The Faculty of Administrative Sciences and Economics held a farewell ceremony on Wednesday, the 4th of June 2025, at Ibn Sina Hall, bringing together the graduating students of the Departments of Business and Management, Accounting, Banking and Finance, and International Relations and Diplomacy for a final shared occasion before they step forward into their professional lives. Faculty staff, department heads, and the Dean joined them — not in the formal capacity of educators overseeing students, but as people saying goodbye to a class they had come to know well.
The ceremony opened with a memorial video composed of photographs gathered from across the students’ four years at the faculty — moments from events, activities, and the everyday life of campus that most had long stopped noticing. Seeing them assembled and played back, one after another, had a quiet and immediate effect on the room. Four years, it turns out, look like a great deal when you see them all at once.
Dean Dr. Fatih Cura was the first to address the graduates. He spoke warmly and directly, praising the students not only for their academic achievements but for who they had grown to be as individuals throughout their time at the faculty. His words carried genuine pride and personal warmth — the kind that comes not from formality, but from having truly watched these students grow. Mr. Fayeq Ali, Head of the Business and Management Department, then addressed his cohort directly, followed by Dr. Abubakar Karaye, who leads both the Accounting and Banking and Finance Departments and spoke to the students of both with equal care and conviction. Dr.
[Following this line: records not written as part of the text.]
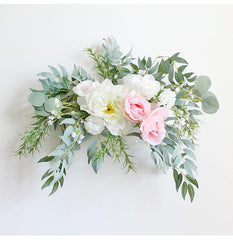 Simulated flower lintel decoration garland wedding decoration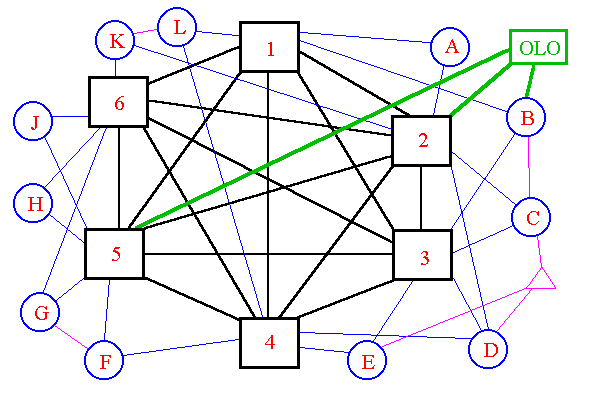 Diagram showing OLO interconnections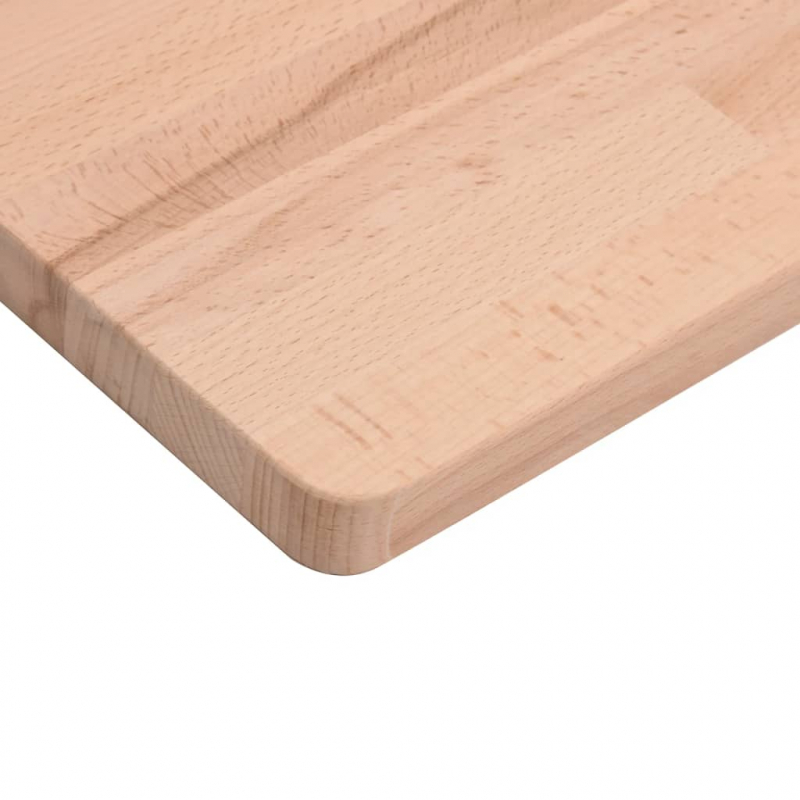 Schreibtischplatte 100x60x1,5 cm Massivholz Buche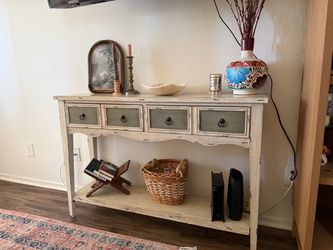 Storage Console Table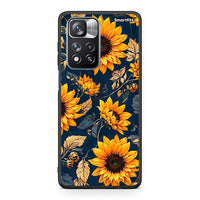 Thumbnail for Xiaomi Redmi Note 11 Pro / 11 Pro+ Autumn Sunflowers Θήκη από τη Smartfits με σχέδιο στο πίσω μέρος και μαύρο περίβλημα | Smartphone case with colorful back and black bezels by Smartfits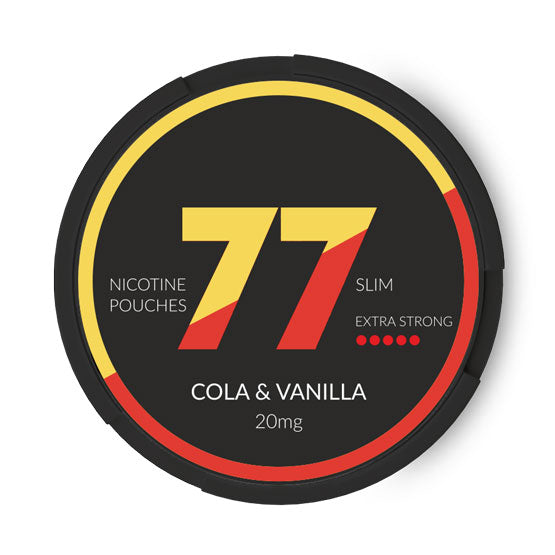 77 Cola & Vanilla Slim Medium All White Snus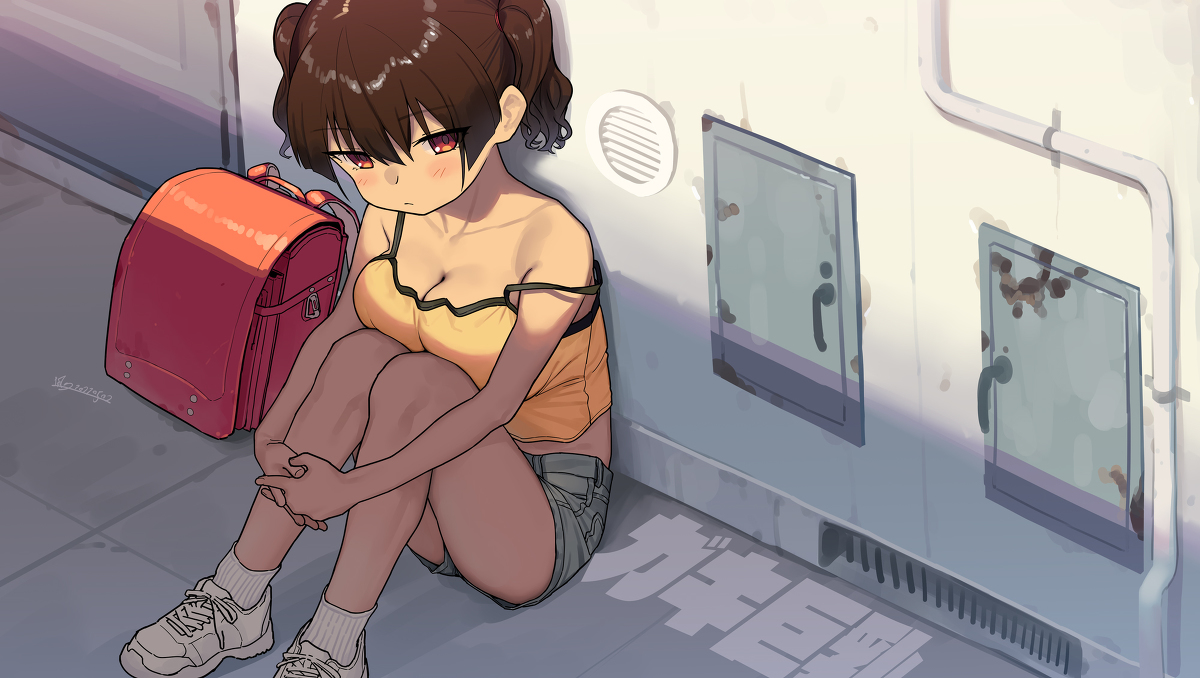 This is a pixiv picture whose title is ガキ巨乳98.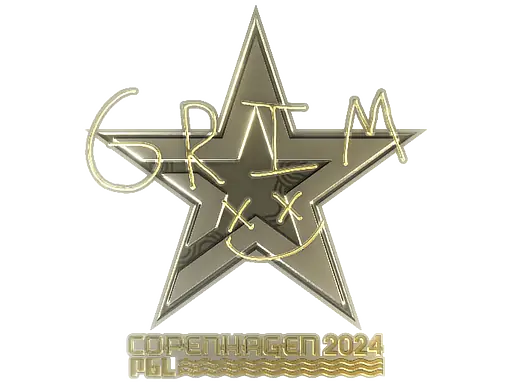 Sticker | Grim (Gold) | Copenhagen 2024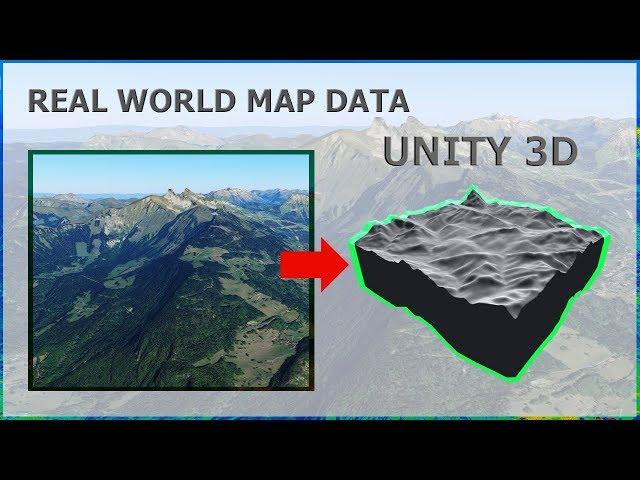 Unity 2019 - Adding Real World Height Maps To Your Game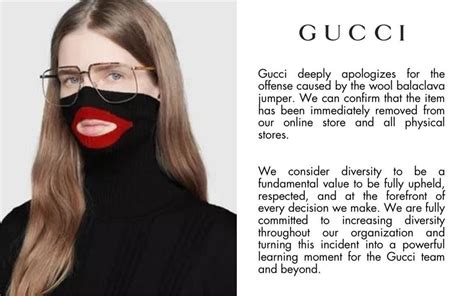 gucci racist advertisements|Gucci is the latest fashion brand to spark a blackface .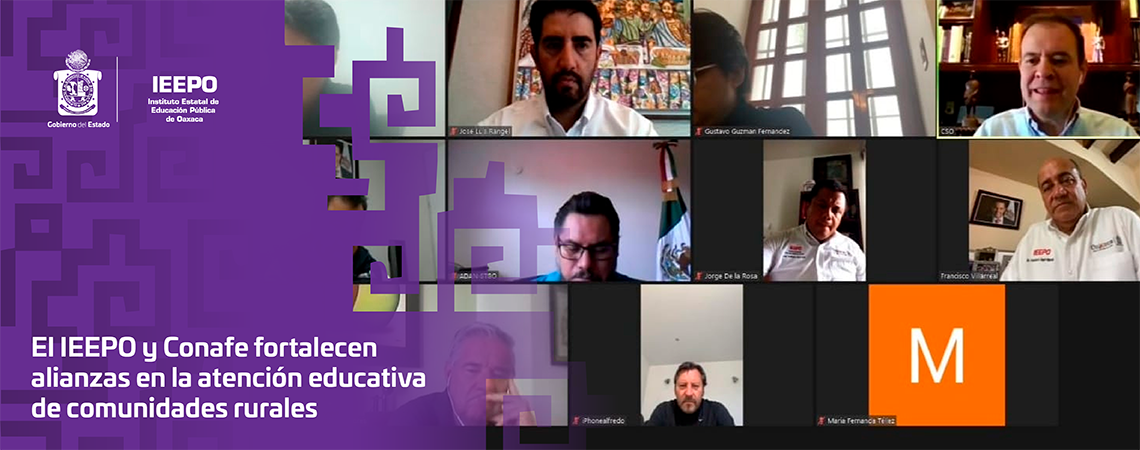 El IEEPO y Conafe fortalecen alianzas en la atención educativa de comunidades rurales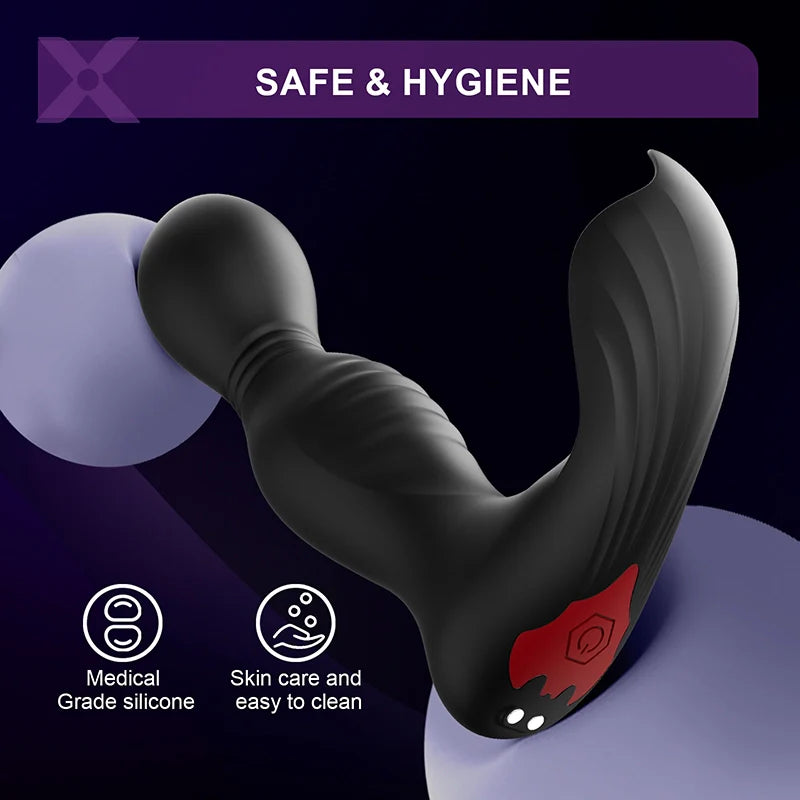 PM8 Hands-Free Wearable Anal Toy for Men with App & Remote Control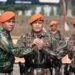 Dansatbravo 90 Pasgat Pimpin Upacara Serah Terima Jabatan Wadansat, Danden 902/Aksus dan Kasiintel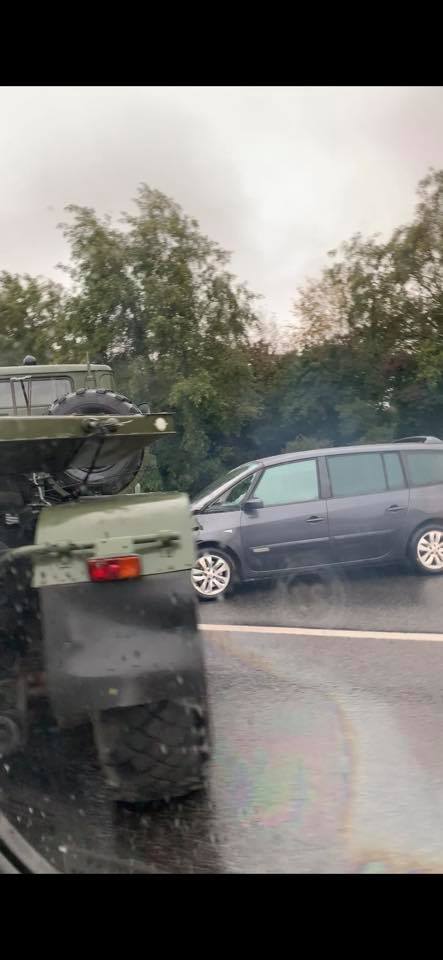 На львівській об’їзній в ДТП потрапило одразу три автівки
Dana Sajadi, Head of the International Relations and Diplomacy Department, closed the faculty addresses with thoughtful and heartfelt words that reflected his deep connection with his students.
The microphone was then given to the students themselves, and what followed was perhaps the most human part of the afternoon. Graduates spoke openly — about the professors who had pushed them, the friendships that had sustained them, the moments of doubt they had quietly overcome, and the gratitude they had not always found the right occasion to express.
A large cake was cut to mark the occasion — greeted with the kind of spontaneous joy that no ceremony can plan for — before the gathering moved outside for a coffee hour. There, over snacks and unhurried conversation, staff and graduates spoke to one another as they rarely get to during the academic year: without agenda, without assessment, simply as people who had shared something meaningful. The afternoon extended naturally, because no one was quite ready for it to end.